Human Rights lawyers in North America know that although the societies of Canada and the United States believe that human rights are uniform and fair, they in fact are not. Nowhere is this truer than when it comes to water, climate justice and indigenous people. Poverty is also a driver in the realm of climate change. In 2013 the U.S. Census Bureau released its American Community Survey that measured poverty rates by race from 2007 to 2011. Two racial groups exceeded the national poverty rate of 14.3% by more than 10%: (1) the American Indians and Alaska Natives at 27 percent; and (2) African-Americans at 25.8 percent. In comparison whites (Europeans) were lower than the overall poverty rate at 11.6. Climate change will certainly impact poor people much more than the rich. Indeed, their rights are already abridged.
With regards to climate change and justice, the United Nations Human Rights Council recently declared that “all human rights are universal, indivisible, interdependent and interrelated and that they must be treated in a fair and equal manner, on the same footing and with the same emphasis . . .” It also noted that
climate change-related impacts have a range of implications, both direct and indirect, for the effective enjoyment of human rights including, inter alia, the right to life, the right to adequate food, the right to the highest attainable standard of health, the right to adequate housing, the right to self-determination and human rights obligations related to access to safe drinking water and sanitation, and recalling that in no case may a people be deprived of its own means of subsistence . . .

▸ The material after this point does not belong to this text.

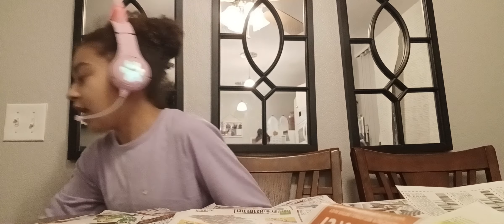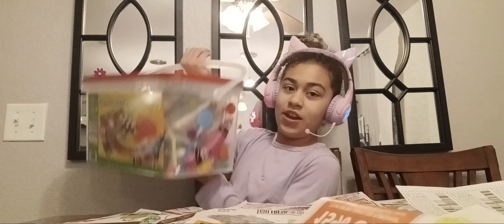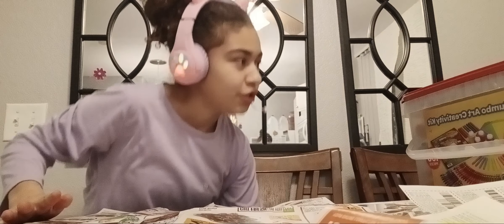Hey kitties, it's me Kiki here with you today, and today we are going to be cleaning some paints that haven't been used in like millions of years — or maybe like seven years. So let's get started.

Across the world communities of indigenous peoples face threats to their access to water as a consequence of climate change. Indeed, water management is one of the most fundamental climate change-related issues in North America and internationally. It involves issues of equity, and is related to the struggles within a growing awareness in political, social, and ecological significance. These characteristics are defined as both cause and symptom of the precarious life on reservations, other tribal territories and urban areas and their relation to climate change.
To date, national, state and provincial governments have done little, if anything, to address the problems of access to water and the impacts of climate change on that access. Courts have also been less than willing to address these issues when they are confronted by them. These inequities have caused conflict between indigenous peoples and these governments.